We hope that the Alliance will continue to grow, working together constructively to achieve our coal phase out targets. This might have some of my family turning in their grave – and I very much recognise there are real social and economic challenges in those communities that coal has left behind.

That’s why, as we look to meet our climate change commitments at the lowest possible net cost, we also want to maximise the social and economic benefits to the UK of the transition. So clean growth is at the heart of our modern Industrial Strategy.

There are almost 400,000 UK jobs in low carbon businesses and their supply chains, and it is estimated that the low carbon economy in the UK could grow 11 per cent per year between 2015 and 2030 - four times faster than the rest of the economy.

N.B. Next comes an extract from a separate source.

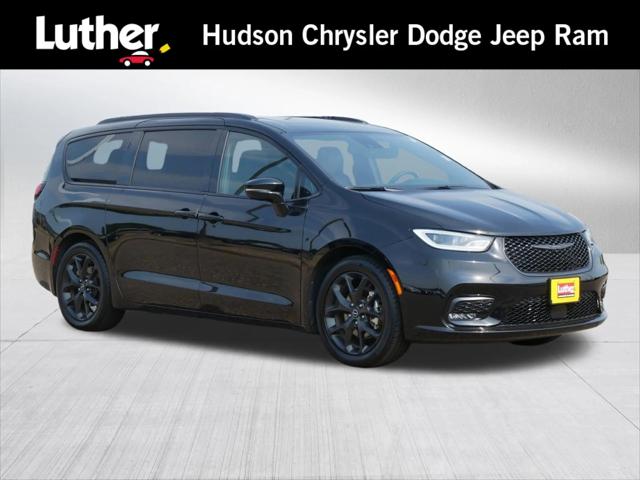 2025 Chrysler Pacifica Limited for sale in Hudson, WI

Combatting transport emissions and the EV Summit

Finally, there is one more area I wanted to touch on: transport sector emissions, which is a complex area for change.

We want a more modern transport system that is clean, affordable and easy to use. A laudable goal, but to meet our long-term emissions target, we believe almost every car and van in the UK will need to be zero emission by 2050. As such UK has announced a suite of policies aiming at providing both the framework and the incentives to achieve this future.

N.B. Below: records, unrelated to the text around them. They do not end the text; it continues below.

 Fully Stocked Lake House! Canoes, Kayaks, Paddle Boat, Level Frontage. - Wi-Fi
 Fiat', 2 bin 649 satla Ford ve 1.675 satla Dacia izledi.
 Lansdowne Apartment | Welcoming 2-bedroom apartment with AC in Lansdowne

We are committed to ending the sale of all new conventional petrol and diesel cars and vans by 2040.

To support this, the UK will spend £1billion on incentivising the uptake of ultra-low emissions vehicles, including helping consumers with upfront costs.

We intend to develop one of the best electric vehicle charging networks in the world through investments in charging infrastructure and new legislation aimed at requiring charging points.

At an international level, there is a growing consensus that one of the ways to combat climate change is to transition the world’s vehicle fleet to zero emissions.

This is why our Prime Minister announced at the ‘One Planet’ Summit in Paris that the UK would host a ‘Zero Emission Vehicle Summit’ in September.

The Summit will aim to provide political impetus and profile to the deployment of Zero Emission Vehicles, helping to accelerate the investment in technology and infrastructure and growth of the global electric vehicle market and help meet the goals of the Paris Agreement.

Ladies and Gentlemen, I hope this has given you an insight into where the UK is today on clean growth, phasing out coal, and leading the international push towards zero emission vehicles. Thank you for listening and I look forward to the discussion.